SOURCE MATERIAL:
_ _ _ _ _
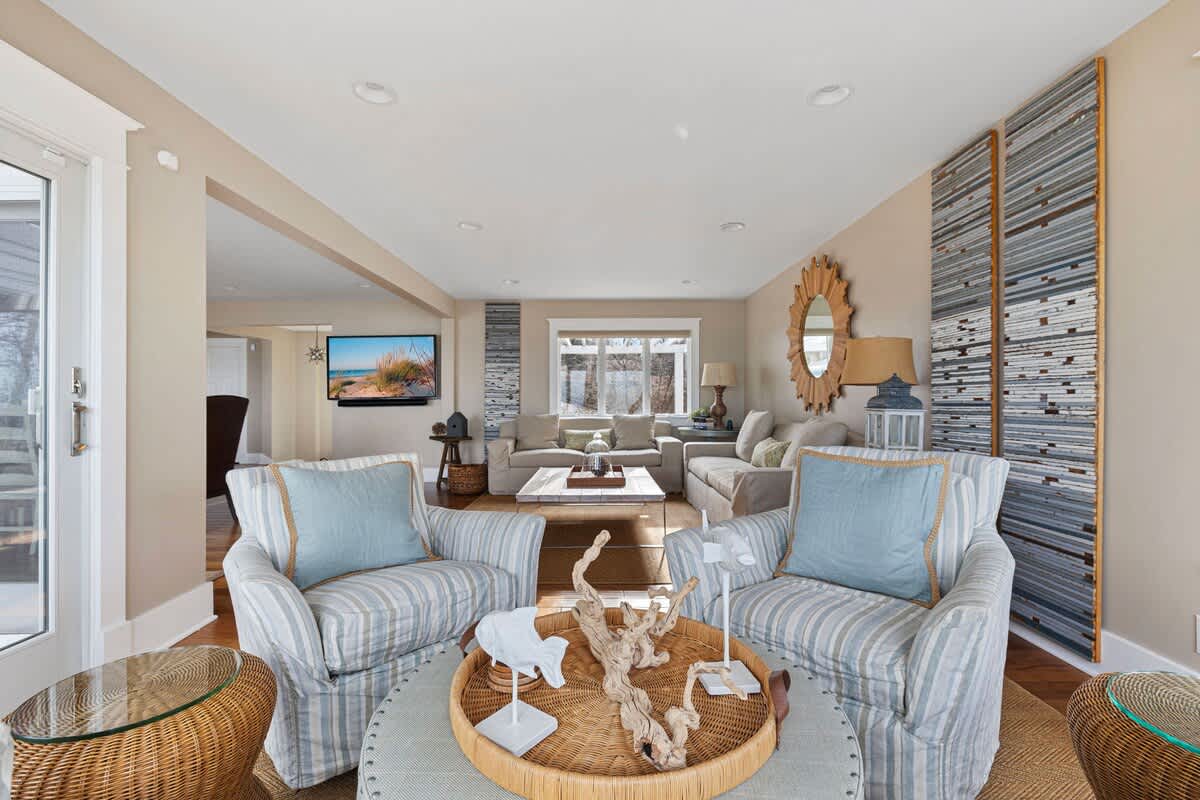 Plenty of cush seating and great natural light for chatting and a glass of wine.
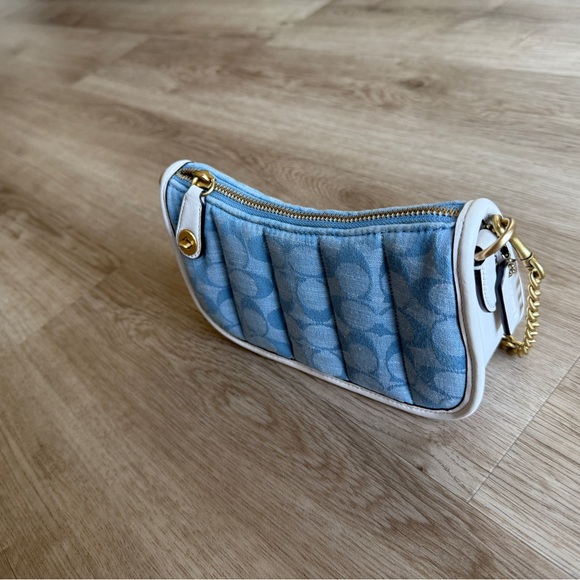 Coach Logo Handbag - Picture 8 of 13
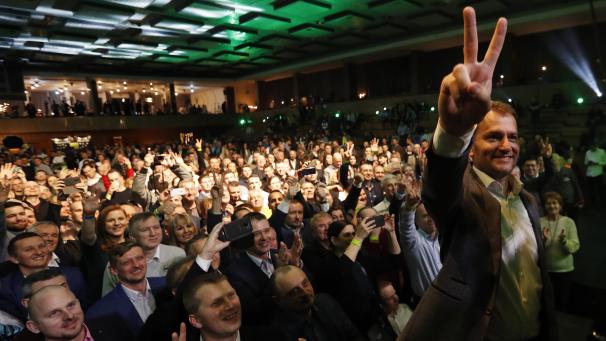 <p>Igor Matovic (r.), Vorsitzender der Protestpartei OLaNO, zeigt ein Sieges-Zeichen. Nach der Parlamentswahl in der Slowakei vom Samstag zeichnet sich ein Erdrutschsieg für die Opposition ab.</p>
_ _ _ _ _
WHAT YOU HAVE TO DO: When you retype the material above, keep every word exact and drop the images.

SOLUTION TO THIS EXERCISE:
 Plenty of cush seating and great natural light for chatting and a glass of wine.
 Coach Logo Handbag - Picture 8 of 13
 <p>Igor Matovic (r.), Vorsitzender der Protestpartei OLaNO, zeigt ein Sieges-Zeichen. Nach der Parlamentswahl in der Slowakei vom Samstag zeichnet sich ein Erdrutschsieg für die Opposition ab.</p>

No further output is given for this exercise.